FMHS researchers gain $3.5m Marsden funding

FMHS research tackling some of the biggest health challenges has gained Marsden funding.

ABI's Dr Alys Clark looks through a microscope with Associate Professor Jo James in lab glasses looking on.
Associate Professor Jo James and ABI's Dr Alys Clark are tackling fetal growth restriction - a risk factor for stillbirths.

Cancer, stillbirths, osteoarthritis and diabetic heart disease are some of the Faculty of Medical and Health Sciences research areas to gain $3.5 million from Te Pūtea Rangahau a Marsden the Marsden Fund.

The Marsden Fund is managed by the Royal Society Te Apārangi on behalf of the government and supports research in disciplines ranging from social sciences and humanities to physics, chemistry and biochemistry.

The Faculty of Medical and Health Sciences is receiving three Marsden Grants totalling $2.8 million and two Fast Start grants totalling $720,000.

Dr Raewyn Poulsen from Pharmacology receives $941,000 to study “the X and Y factor in osteoarthritis”. To date most research on osteoarthritis has been on males, while the condition is prevalent in women. Poulsen’s group have analysed tissue to find distinctly different disease pathways for men and women, paving the way for differentiated treatments. One in four New Zealanders will develop osteoarthritis placing increasing pressure on surgical centres.
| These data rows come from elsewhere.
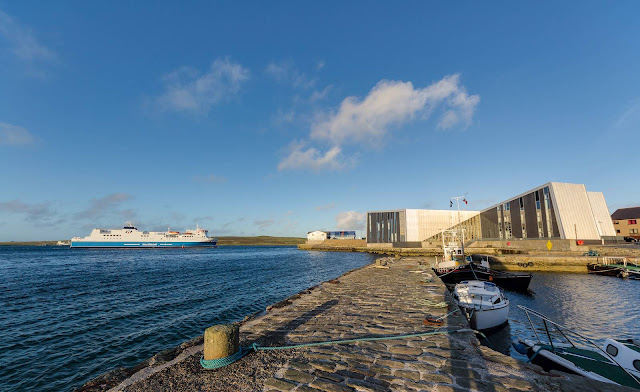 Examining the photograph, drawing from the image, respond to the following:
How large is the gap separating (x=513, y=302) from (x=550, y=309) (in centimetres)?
240

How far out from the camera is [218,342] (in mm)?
6262

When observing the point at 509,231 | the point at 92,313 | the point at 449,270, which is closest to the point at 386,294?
the point at 449,270

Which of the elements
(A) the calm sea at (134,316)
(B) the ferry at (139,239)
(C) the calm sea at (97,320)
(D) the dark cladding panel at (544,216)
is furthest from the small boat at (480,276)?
(B) the ferry at (139,239)


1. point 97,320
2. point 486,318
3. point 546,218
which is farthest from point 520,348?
point 546,218

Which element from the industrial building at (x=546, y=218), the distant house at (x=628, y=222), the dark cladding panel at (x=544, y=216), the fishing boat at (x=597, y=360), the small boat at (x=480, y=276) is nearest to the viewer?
the fishing boat at (x=597, y=360)

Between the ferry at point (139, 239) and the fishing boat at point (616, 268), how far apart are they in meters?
152

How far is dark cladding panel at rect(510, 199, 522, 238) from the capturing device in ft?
193

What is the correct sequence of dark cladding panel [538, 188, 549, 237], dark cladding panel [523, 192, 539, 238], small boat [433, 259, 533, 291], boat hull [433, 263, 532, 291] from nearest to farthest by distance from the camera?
boat hull [433, 263, 532, 291] → small boat [433, 259, 533, 291] → dark cladding panel [538, 188, 549, 237] → dark cladding panel [523, 192, 539, 238]

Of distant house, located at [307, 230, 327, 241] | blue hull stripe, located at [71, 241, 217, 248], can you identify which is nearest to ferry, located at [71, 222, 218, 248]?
blue hull stripe, located at [71, 241, 217, 248]

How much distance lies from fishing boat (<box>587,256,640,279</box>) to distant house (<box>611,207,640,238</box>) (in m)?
63.7

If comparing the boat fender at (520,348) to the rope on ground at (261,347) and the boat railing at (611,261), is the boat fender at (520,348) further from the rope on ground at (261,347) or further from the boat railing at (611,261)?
the boat railing at (611,261)

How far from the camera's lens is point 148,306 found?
64.5 ft

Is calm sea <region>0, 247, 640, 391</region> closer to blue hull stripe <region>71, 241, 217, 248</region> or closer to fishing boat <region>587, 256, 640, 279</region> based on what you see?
fishing boat <region>587, 256, 640, 279</region>

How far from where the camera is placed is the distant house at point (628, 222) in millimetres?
76188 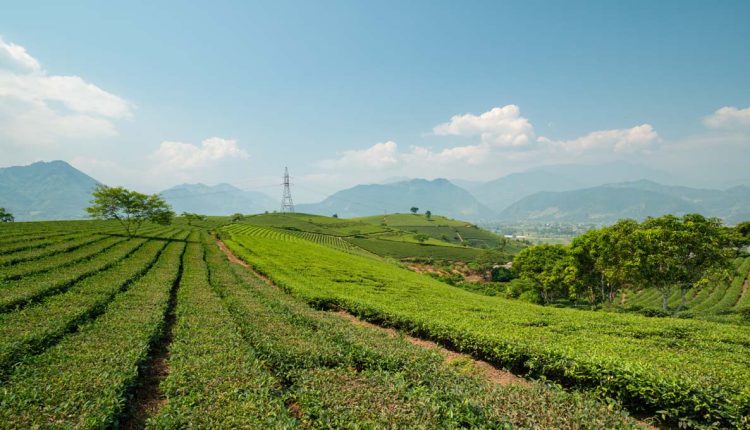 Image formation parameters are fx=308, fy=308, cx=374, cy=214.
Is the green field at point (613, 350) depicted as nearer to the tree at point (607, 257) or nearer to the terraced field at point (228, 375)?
the terraced field at point (228, 375)

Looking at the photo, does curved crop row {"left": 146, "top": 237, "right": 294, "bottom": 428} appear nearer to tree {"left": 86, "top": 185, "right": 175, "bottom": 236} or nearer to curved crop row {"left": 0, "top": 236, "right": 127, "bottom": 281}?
curved crop row {"left": 0, "top": 236, "right": 127, "bottom": 281}

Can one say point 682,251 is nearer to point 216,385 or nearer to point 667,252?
point 667,252

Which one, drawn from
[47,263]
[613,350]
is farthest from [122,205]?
[613,350]

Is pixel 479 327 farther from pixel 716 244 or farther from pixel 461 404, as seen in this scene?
pixel 716 244

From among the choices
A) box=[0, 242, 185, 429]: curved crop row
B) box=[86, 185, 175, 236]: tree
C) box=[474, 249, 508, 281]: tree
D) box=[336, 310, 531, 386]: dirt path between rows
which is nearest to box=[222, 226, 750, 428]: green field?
box=[336, 310, 531, 386]: dirt path between rows

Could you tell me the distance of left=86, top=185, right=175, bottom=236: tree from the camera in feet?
189

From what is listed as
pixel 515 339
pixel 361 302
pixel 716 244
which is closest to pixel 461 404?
pixel 515 339

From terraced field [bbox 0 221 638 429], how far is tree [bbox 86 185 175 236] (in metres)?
48.6

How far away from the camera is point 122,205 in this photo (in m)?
59.8

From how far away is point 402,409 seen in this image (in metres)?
7.59

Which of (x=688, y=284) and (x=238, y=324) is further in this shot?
(x=688, y=284)

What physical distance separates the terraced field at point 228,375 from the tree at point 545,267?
47.4 meters

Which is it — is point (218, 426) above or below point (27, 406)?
below

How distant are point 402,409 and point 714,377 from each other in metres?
9.52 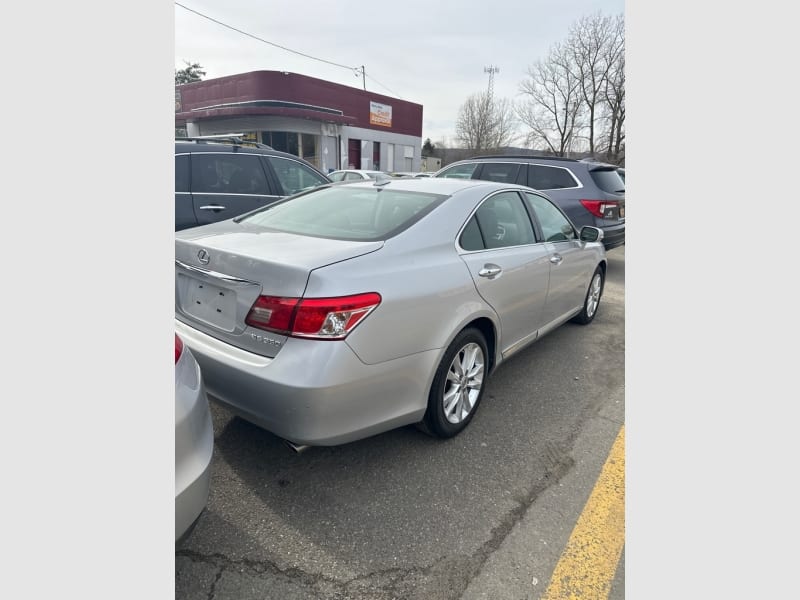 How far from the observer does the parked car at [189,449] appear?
1564mm

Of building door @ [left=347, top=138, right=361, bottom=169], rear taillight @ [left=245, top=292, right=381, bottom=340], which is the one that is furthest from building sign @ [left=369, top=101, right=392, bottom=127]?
rear taillight @ [left=245, top=292, right=381, bottom=340]

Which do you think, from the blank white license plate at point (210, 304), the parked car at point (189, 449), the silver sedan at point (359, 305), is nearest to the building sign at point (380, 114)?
the silver sedan at point (359, 305)

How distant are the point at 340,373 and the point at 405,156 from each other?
29505 millimetres

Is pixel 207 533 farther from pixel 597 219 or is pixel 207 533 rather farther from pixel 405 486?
pixel 597 219

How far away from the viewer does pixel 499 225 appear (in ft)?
10.8

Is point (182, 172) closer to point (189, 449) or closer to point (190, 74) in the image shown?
point (189, 449)

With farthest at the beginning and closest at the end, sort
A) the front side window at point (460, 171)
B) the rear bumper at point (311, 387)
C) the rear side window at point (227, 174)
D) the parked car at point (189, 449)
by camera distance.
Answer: the front side window at point (460, 171), the rear side window at point (227, 174), the rear bumper at point (311, 387), the parked car at point (189, 449)

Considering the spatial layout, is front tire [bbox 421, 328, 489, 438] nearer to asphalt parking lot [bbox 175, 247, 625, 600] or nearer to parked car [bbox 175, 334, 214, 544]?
asphalt parking lot [bbox 175, 247, 625, 600]

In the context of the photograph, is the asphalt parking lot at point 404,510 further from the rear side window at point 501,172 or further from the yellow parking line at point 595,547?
the rear side window at point 501,172

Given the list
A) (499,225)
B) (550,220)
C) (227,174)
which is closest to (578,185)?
(550,220)

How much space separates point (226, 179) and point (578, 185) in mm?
5185

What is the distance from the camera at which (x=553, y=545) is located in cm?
213

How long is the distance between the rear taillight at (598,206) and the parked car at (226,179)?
4.12 m

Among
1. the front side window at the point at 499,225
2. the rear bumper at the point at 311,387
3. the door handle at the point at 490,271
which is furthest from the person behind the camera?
the front side window at the point at 499,225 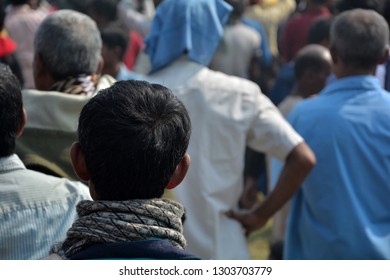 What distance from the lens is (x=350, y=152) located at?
172 inches

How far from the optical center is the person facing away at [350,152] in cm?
434

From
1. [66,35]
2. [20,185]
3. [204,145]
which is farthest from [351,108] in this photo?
[20,185]

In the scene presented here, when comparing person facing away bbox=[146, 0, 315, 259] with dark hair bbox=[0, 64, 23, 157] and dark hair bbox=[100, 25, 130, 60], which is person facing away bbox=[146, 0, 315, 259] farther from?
dark hair bbox=[100, 25, 130, 60]

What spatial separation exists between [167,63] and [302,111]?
695 mm

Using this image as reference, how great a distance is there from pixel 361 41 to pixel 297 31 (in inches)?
164

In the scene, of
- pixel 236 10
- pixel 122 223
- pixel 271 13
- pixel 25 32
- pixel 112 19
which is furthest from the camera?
pixel 271 13

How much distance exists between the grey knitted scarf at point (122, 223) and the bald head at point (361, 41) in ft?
7.83

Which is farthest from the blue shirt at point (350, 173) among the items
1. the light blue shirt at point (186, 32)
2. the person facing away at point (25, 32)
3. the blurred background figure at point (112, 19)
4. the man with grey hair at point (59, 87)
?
the blurred background figure at point (112, 19)

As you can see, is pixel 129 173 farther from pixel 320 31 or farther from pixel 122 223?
pixel 320 31

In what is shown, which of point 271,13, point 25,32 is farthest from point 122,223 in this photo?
point 271,13

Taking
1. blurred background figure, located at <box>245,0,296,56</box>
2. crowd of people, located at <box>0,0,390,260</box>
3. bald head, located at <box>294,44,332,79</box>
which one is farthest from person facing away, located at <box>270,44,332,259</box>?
blurred background figure, located at <box>245,0,296,56</box>

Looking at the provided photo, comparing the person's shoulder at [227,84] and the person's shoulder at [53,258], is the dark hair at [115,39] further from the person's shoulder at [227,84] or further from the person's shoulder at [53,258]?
the person's shoulder at [53,258]

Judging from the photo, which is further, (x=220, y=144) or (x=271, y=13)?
(x=271, y=13)

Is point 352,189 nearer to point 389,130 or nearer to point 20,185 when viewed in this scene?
point 389,130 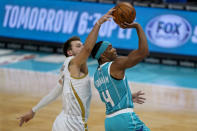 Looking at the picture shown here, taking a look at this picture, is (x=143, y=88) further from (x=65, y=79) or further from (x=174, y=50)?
(x=65, y=79)

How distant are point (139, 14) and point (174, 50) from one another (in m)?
1.53

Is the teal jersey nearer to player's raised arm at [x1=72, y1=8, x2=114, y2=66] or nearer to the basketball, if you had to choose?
player's raised arm at [x1=72, y1=8, x2=114, y2=66]

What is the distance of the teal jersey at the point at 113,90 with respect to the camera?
18.1ft

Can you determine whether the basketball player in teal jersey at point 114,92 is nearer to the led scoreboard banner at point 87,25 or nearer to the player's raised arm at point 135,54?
the player's raised arm at point 135,54

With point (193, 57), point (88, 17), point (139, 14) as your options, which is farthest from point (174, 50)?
point (88, 17)

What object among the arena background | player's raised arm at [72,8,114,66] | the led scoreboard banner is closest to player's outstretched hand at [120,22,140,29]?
player's raised arm at [72,8,114,66]

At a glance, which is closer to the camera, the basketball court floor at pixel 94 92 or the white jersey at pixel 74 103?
the white jersey at pixel 74 103

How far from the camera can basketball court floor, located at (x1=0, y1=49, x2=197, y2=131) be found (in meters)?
9.32

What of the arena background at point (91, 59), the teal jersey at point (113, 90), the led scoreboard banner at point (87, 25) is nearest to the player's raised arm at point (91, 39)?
the teal jersey at point (113, 90)

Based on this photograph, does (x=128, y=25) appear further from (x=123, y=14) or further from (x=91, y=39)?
(x=91, y=39)

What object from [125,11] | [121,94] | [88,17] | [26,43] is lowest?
[26,43]

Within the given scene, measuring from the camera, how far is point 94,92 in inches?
454

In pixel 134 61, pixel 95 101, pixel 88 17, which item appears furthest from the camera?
pixel 88 17

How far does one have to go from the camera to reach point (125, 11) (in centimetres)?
534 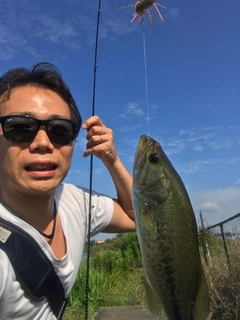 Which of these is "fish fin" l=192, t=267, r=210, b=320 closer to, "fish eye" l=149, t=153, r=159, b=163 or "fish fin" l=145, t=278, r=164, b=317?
"fish fin" l=145, t=278, r=164, b=317

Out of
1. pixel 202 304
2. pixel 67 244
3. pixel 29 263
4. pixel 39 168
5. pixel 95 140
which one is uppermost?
pixel 95 140

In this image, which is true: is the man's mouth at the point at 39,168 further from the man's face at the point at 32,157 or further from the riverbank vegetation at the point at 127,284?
the riverbank vegetation at the point at 127,284

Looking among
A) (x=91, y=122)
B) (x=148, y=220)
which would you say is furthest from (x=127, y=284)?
(x=148, y=220)

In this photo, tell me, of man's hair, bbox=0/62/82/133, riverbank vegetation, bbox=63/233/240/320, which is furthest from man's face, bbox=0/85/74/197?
riverbank vegetation, bbox=63/233/240/320

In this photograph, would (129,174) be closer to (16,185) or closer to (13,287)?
(16,185)

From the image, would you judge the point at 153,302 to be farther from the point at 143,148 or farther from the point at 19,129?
the point at 19,129

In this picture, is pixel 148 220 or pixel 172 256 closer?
pixel 172 256

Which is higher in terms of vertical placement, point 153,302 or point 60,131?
point 60,131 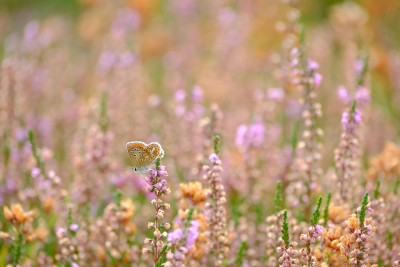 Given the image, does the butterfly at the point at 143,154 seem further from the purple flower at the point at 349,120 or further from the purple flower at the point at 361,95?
the purple flower at the point at 361,95

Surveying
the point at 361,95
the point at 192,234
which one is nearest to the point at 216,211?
the point at 192,234

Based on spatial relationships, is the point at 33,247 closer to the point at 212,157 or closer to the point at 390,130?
the point at 212,157

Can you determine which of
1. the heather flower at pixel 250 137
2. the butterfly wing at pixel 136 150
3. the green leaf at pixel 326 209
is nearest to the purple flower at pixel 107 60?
the heather flower at pixel 250 137

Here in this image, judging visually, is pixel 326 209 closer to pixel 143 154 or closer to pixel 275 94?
pixel 143 154

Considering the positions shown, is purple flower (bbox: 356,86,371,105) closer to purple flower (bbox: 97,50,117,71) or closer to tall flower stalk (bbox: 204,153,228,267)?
tall flower stalk (bbox: 204,153,228,267)

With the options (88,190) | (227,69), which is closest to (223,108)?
(227,69)

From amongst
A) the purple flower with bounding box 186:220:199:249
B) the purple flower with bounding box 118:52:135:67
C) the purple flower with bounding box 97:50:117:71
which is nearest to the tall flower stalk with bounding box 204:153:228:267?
the purple flower with bounding box 186:220:199:249

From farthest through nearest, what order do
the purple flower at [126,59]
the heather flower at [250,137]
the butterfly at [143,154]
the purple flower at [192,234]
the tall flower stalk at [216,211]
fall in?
the purple flower at [126,59], the heather flower at [250,137], the purple flower at [192,234], the tall flower stalk at [216,211], the butterfly at [143,154]

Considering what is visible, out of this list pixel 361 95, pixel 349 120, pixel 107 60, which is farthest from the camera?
pixel 107 60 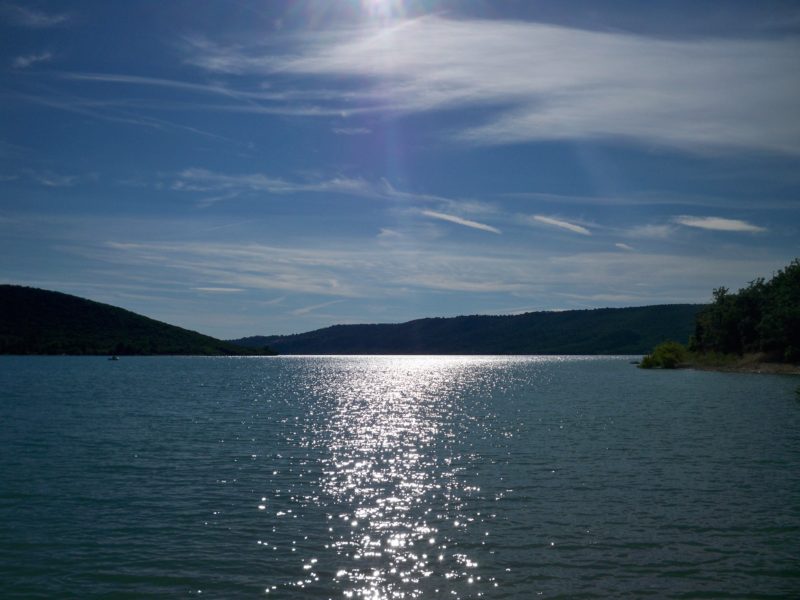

Associate Professor Jo James from Obstetrics and Gynaecology is working with bioengineer Dr Alys Clark to create a world-first virtual pregnant uterus. They will use it to research how blood flow across the placental surface impacts the birth of dangerously small pēpi ($936,000). When this flow is impaired, the fetus’ growth is restricted, which is a significant risk factor for stillbirths.

A team from FMHS and Auckland Bioengineering Institute receive $934,000 to investigate why the heart fails when it beats like a metronome.

The two Fast Start grants both went to the Auckland Cancer Society Research Centre. Dr Petr Tomek will study stimulation of immune cells to fight cancer by silencing the arylformamidase enzyme ($360,000). Dr Alexandra Mowday was awarded $360,000 for research on tumour-targeting bacteria as immune stimulants for cancer immunotherapy.

Associate Dean Research Andrew Shelling says it’s great to see two early career researchers getting First Start Grants, and three outstanding mid career researchers getting Standard Grants.

“The grants are supporting our outstanding emerging researchers in generating new knowledge that will tackle some of the biggest health challenges globally,” Shelling says.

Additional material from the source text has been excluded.